The decision to return often depends on the prospects available to the migrants’ children. That’s one of their main worries. We need to develop policies and ensure such conditions in schools, that they won’t feel stressed about the changes in social entourage or school curriculum. For the second half of 2017, we have planned many activities concerning regulations, local trainings, the implementation of the reintegration plan and the writing of the guide for returned migrants.
- You are right, the situation of migrant children is a key topic. The DOR program, dedicated to them, is at its fifth edition. What is the program’s goal in general and this year in particular? What is the BRD’s long term vision regarding projects that involve our diaspora’s children?
- DOR is a program designed for our migrants’ children and every year it ends very emotionally. One hundred kids from 14 countries, including some from Moldova, come together to get to know the best of our country. For a week, they have an exceptional program. They get to meet key people from various fields like the theater and listen to the best speakers. They learn about the most important achievements in Moldova and about the specifics of our country. These are mostly children who have been born abroad, who have never seen Moldova or only came for a short time during holidays. They may know their grandparents and relatives, but they don’t know what Moldova has to say to the world.

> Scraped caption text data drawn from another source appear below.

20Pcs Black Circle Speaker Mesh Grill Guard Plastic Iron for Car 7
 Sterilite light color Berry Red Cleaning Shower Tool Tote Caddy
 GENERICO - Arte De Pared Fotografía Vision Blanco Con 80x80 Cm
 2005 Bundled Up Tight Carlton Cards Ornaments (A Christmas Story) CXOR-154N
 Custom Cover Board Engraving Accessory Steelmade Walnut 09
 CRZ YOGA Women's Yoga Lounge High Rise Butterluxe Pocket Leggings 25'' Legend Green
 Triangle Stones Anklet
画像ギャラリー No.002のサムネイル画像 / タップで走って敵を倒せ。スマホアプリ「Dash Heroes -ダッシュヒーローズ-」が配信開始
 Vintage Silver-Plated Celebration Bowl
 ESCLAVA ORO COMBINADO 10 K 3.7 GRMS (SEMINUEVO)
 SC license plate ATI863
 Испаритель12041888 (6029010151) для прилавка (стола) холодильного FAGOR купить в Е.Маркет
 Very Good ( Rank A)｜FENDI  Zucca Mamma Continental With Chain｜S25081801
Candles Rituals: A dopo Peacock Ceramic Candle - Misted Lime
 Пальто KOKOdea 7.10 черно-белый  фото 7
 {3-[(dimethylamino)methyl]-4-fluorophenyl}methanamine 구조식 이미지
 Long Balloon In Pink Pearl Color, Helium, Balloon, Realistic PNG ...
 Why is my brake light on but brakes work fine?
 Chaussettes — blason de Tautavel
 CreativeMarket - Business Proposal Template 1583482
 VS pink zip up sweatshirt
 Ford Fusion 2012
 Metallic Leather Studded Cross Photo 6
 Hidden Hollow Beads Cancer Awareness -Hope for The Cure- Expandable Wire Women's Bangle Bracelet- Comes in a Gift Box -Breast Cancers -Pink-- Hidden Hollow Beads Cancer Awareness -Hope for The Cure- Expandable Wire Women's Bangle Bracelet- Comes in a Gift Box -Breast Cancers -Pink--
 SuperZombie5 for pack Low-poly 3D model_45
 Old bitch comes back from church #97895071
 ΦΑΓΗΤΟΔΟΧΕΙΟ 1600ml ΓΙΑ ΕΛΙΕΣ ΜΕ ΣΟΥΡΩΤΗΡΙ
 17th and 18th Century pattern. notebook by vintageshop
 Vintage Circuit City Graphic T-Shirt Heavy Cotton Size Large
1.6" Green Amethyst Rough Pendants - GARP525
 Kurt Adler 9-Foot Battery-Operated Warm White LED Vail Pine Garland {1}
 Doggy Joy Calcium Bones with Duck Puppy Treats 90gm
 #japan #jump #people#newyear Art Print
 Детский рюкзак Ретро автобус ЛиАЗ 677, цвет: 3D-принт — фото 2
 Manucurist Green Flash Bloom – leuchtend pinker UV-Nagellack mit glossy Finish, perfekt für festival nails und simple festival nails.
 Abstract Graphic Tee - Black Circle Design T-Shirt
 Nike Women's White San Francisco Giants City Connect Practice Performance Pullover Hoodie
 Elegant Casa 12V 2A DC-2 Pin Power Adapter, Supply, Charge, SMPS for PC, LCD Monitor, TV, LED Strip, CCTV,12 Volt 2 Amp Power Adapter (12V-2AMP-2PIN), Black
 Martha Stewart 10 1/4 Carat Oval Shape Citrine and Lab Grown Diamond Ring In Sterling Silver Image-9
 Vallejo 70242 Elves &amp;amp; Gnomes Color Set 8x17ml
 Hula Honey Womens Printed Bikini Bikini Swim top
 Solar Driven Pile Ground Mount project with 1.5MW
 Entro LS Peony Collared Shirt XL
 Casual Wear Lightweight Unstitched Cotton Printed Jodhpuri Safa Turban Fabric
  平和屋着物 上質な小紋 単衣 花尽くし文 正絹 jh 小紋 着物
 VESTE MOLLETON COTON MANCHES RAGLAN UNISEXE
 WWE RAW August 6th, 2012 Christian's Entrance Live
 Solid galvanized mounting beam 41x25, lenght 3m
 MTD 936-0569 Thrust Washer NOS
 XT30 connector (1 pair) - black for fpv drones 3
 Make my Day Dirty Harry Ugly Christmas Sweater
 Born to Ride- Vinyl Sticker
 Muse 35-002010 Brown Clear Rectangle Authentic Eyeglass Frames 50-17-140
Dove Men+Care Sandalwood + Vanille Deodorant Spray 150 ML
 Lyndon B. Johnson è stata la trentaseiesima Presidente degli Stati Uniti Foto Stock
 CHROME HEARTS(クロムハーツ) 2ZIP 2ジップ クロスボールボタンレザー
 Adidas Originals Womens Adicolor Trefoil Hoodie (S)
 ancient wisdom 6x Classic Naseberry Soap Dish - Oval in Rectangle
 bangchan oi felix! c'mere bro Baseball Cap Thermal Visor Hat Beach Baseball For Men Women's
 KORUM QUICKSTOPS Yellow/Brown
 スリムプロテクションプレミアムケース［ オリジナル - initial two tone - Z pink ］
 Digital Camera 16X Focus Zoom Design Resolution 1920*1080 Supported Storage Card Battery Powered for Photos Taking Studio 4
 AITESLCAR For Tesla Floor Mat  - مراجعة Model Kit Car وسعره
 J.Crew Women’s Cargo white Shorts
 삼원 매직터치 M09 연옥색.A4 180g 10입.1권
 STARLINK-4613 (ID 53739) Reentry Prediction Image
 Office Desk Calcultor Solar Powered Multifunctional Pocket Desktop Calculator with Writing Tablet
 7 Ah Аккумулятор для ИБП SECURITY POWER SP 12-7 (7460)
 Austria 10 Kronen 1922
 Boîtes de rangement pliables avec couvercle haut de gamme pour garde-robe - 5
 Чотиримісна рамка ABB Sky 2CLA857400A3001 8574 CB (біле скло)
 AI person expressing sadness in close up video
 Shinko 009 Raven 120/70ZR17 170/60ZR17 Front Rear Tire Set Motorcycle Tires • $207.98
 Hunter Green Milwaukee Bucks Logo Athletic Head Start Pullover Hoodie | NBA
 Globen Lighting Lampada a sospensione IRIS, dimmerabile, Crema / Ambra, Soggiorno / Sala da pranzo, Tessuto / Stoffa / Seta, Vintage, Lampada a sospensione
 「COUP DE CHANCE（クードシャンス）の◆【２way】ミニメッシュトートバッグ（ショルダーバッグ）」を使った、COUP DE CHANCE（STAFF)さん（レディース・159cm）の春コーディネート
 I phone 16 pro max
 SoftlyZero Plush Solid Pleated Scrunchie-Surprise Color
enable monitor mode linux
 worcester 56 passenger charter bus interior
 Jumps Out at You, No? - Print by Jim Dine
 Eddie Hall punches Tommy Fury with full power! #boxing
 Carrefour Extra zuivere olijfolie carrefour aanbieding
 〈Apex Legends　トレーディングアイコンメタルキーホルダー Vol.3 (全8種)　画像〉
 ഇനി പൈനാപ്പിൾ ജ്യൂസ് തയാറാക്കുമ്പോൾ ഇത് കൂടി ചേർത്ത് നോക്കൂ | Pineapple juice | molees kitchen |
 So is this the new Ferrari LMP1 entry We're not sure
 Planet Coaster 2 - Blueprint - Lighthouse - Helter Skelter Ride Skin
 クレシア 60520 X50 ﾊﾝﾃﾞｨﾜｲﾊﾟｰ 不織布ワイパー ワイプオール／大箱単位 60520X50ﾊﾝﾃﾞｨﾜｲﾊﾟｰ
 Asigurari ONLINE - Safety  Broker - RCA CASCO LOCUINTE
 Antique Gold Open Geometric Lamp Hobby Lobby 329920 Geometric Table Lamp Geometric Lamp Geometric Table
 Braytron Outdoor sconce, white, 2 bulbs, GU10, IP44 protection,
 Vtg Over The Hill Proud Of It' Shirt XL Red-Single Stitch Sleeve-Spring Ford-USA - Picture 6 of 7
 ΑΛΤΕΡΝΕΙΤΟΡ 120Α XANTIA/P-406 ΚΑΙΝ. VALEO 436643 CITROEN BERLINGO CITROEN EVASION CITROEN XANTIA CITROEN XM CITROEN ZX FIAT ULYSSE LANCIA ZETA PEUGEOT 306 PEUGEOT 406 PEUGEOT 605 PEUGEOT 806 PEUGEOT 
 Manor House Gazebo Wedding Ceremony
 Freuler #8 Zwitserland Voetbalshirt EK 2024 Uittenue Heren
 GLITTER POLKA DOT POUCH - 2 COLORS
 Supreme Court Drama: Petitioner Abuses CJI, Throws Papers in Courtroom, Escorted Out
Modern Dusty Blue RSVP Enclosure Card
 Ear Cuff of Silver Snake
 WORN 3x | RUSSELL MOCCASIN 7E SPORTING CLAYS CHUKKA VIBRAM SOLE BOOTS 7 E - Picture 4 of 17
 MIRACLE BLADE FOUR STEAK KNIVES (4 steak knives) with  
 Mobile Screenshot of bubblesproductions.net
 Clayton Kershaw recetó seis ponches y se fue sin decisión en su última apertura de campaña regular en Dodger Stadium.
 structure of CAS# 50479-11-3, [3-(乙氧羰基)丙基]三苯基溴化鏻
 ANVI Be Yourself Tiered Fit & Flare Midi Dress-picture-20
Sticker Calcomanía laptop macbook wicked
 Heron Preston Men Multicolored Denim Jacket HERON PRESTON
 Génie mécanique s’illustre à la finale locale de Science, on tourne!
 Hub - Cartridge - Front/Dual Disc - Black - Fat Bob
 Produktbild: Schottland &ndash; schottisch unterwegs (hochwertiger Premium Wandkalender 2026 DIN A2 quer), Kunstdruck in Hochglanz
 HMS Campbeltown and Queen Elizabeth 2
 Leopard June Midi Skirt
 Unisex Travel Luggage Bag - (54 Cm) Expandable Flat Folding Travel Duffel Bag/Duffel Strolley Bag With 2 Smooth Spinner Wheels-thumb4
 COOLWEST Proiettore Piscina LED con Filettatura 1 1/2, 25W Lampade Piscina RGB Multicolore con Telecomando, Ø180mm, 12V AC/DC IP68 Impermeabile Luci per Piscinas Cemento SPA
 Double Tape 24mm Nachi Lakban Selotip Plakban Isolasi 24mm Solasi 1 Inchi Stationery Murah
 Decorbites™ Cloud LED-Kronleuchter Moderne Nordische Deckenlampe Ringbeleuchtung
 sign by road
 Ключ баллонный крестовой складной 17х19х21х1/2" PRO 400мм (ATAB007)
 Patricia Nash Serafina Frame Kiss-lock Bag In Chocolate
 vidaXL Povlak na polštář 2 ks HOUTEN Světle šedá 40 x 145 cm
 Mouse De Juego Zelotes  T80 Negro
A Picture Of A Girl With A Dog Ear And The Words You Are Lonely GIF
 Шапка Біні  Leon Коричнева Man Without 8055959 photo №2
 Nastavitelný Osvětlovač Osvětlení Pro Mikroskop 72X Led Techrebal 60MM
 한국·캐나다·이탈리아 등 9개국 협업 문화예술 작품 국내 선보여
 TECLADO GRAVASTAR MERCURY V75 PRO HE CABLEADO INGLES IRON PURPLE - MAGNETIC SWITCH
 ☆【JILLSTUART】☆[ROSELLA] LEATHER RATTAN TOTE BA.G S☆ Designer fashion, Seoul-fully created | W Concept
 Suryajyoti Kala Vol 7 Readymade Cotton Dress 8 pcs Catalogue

These children attend folk dances, handicrafts, wood carving and clay modeling workshops. During a short period of time, they get familiar with our traditional culture. It’s a program that succeeds in strengthening communication among them, because during this week they speak only Romanian. This year, just like during previous editions, they will enjoy only authentic culture.
Regarding future plans, it’s important to see how we can continue supporting the creation of new Education Centers in the diaspora. Secondly, the BRD and its partners must find a way to involve teenagers. Older kids, in their attempt to blend in with other teenagers in their country of destination, be them Italians or Portuguese, tend to discard everything that’s representative of their country of origin. It’s important to keep them within Moldova’s sphere of interest, to maintain their emotional bond to our country and to be able to implement special programs for children and teenagers.
- If you sketched the portrait of a Moldovan migrant, what characteristics would you include?
- They are patriots. They participate in promoting their country, in its political life, including by organizing protests, a very important thing. They have acquired Western democracy habits, a different kind of attitude, fairness, punctuality. Equally important, they successfully integrate in their destination countries.